Operating Systems

What is an Operating system

 A program that acts as an intermediary between a user of a computer and the computer hardware.

A systems program which controls all the computer's resources and provides a base upon which application programs can be written.

Operating system goals:

  1.      Execute user programs and make solving user problems easier.
  2.      Make the computer system convenient to use.
  3.      Use the computer hardware in an efficient manner.

System services

The OS often acts as an intermediary between user programs and hardware. For example, to print a message on the screen, a user program could manipulate the hardware directly, but it is easier to call an operating system function to do this for you. When you use printf in a C program this is what you are really doing. If the operating system is the only program that manipulates hardware then there will be less chance of a user program using hardware badly. Calls to the operating system are usually called system calls.

Hardware controlled by the OS fits into three categories

  1. CPU
  2. Memory
  3. Input/Output
Efficient use of the CPU is called Process Management.
Efficient use of the Memory is Memory Management
Input Output covers many things, we will look at File Management.

Process Management

How can we efficiently use the CPU? This question only makes sense if there is more than one program running. An OS that supports running more than one program at once is called a multitasking OS.


Multitasking lets each process think that it has complete control of the CPU. There are two types of multitasking, pre-emptive and non pre-emptive.

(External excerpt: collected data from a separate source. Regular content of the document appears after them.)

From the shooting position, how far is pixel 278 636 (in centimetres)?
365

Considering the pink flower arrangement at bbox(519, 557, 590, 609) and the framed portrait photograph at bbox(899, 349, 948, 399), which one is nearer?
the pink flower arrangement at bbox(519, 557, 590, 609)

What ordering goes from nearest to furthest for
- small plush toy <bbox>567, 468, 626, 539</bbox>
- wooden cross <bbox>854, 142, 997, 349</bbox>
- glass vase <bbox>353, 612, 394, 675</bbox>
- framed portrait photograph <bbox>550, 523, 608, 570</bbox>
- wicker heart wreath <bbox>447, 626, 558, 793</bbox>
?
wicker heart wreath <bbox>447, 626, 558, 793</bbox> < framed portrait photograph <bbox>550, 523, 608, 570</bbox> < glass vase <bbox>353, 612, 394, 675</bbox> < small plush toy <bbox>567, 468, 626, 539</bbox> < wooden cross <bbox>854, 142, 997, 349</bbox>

Non pre-emptive multitasking.

The CPU is allocated to a process until the process performs a system call. This is simple to implement but is not always fair and allows a process monopolise the CPU. If a process enters an infinite loop, no other processes will ever get control of the CPU. This system is used by Windows 3.1 and MacOS.

Pre-emptive multitasking.

Before the CPU is allocated to a process, a hardware timer is set up to interrupt the process after a set time (called the time quantum). No process will ever be allowed to take over control of the  CPU. The system may run slightly slower than a non pre-emptive system because of the overhead of extra process switches. As long as the time quantum is large compared to the process switch time this effect will be negligible. This type of multitasking is used by Windows 95/98/NT, UNIX, and many other OS's.

Multiuser OS's

Windows 95/98/NT are multitasking but they are really only single user Operating Systems. Some OS's allow more than one user at the same time, obviously each user must have a different screen and keyboard but the CPU and disk space is shared.


A multitasking OS must decide which of a number of waiting process to run next. This is called CPU scheduling. A CPU scheduling algorithm must minimise the average time a process has to wait for the CPU and maximise the utilisation of the CPU. A simple scheduling algorithm called round-robin, executes processes in a fixed order.